There are two categories of children which are new and require further consideration. The support of children presenting with learning, language and speech delays is core to the early childhood curriculum and the focus of both ECEC services and schools. As these criteria is written, it is very open and the number of children who would be eligible would be extensive. It is not clear why this is being transferred from a general curriculum issue to an ‘inclusion issue’. The same argument applies to children who do not meet developmental targets under the Australian Early Development Census (AEDC). Reaching these targets should be the focus of the ECEC curriculum and should not require an ‘inclusion’ focus.
The current measures of success for the proposed ISP Guidelines (Section 1.6) are quantitative. They refer to the number of children accessing services, being aware of the services available and hours in attendance at the ECEC service. While the term ‘participation’ is used, the lack of any definition, as noted above, means that it effectively has the same meaning as ‘access’.
The other measures of success refer to services and include: the number of services with a Strategic Inclusion Plan; increased, knowledge, skills and confidence of educators; awareness of services available through the ISP and an increased number of services funded by the ISP. The lack of any framework in which staff can demonstrate increased knowledge, skills and confidence means any reporting against this cannot be objective. The basic premise of the revised guidelines is a broadening of the eligibility criteria of children who can receive services. It would therefore be very surprising if the number of children and services being supported did not increase.
It is our view that from 2020 the Inclusion Support Programs needs to measure the quality of inclusion for children with additional needs, in addition to measures of the number of children receiving support. The intention to broaden the eligibility criteria without a measure of quality means that unintended consequences such as poorer experiences for children with a disability will not be monitored. While we can support the broadening philosophically, we do not believe that there is a strong enough framework to ensure that its application does not disadvantage children with a disability.
It is our understanding that the proposed new guidelines for the ISP, and the broadening of the eligibility criteria to include more children, is being done in the context of no additional funding.

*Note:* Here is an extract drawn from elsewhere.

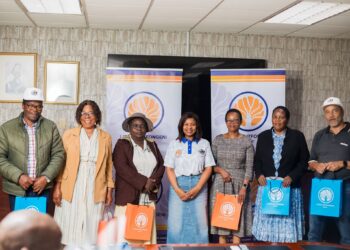 ENPF CEO Futhi Tembe poses with some of this week’s recognised civil servants and retirees at the fourth Lidlelantfongeni Stakeholder Recognition Awards. Photo ENPF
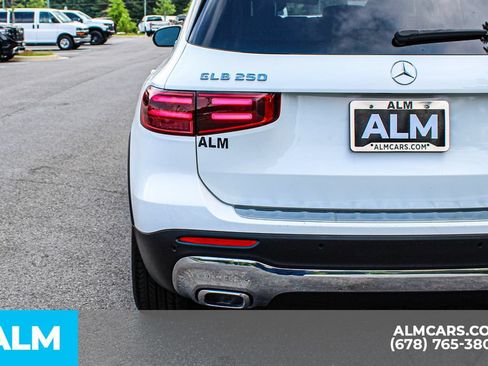 Used 2025 Mercedes-Benz GLB 250 image 13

We are concerned that children with developmental concerns that have been historically addresses as part of the ECEC curriculum, as identified above, are now being included in an ‘inclusion’ program. Without further rationale we do not understand this change and therefore cannot support it.
We are also concerned that the proposal to broaden the criteria to include additional children is being considered in the context of program guidelines that do not have clear descriptors of what the quality of inclusion should be. Without a clear understanding of quality, it is likely that increasing demands on the ISP from a broader population will lead to a poorer experience for children with a disability.
We urge the Department of Education to review the literature on inclusion to ensure that Australian children are able to receive the highest quality support that ensures their access and meaningful participation in ECEC services.
- That the Department of Education undertake a major review of the literature on, and practice developments in, the inclusion of children with disabilities, developmental delays and additional needs and adopt a measure/s of the quality of inclusion to be provided through its programs such as the Inclusion Support Program.
- That the Department of Education undertake a study to establish the cost of providing high quality inclusion support to children with a disability.
- That the Department of Education undertake a costing of its proposed expansion of the criteria for the Inclusion Support Program on the basis that it maintains high quality inclusion for children with a disability.
- That the Department of Education provide additional funding if required to ensure all children funded by the ISP receive high quality inclusion supports.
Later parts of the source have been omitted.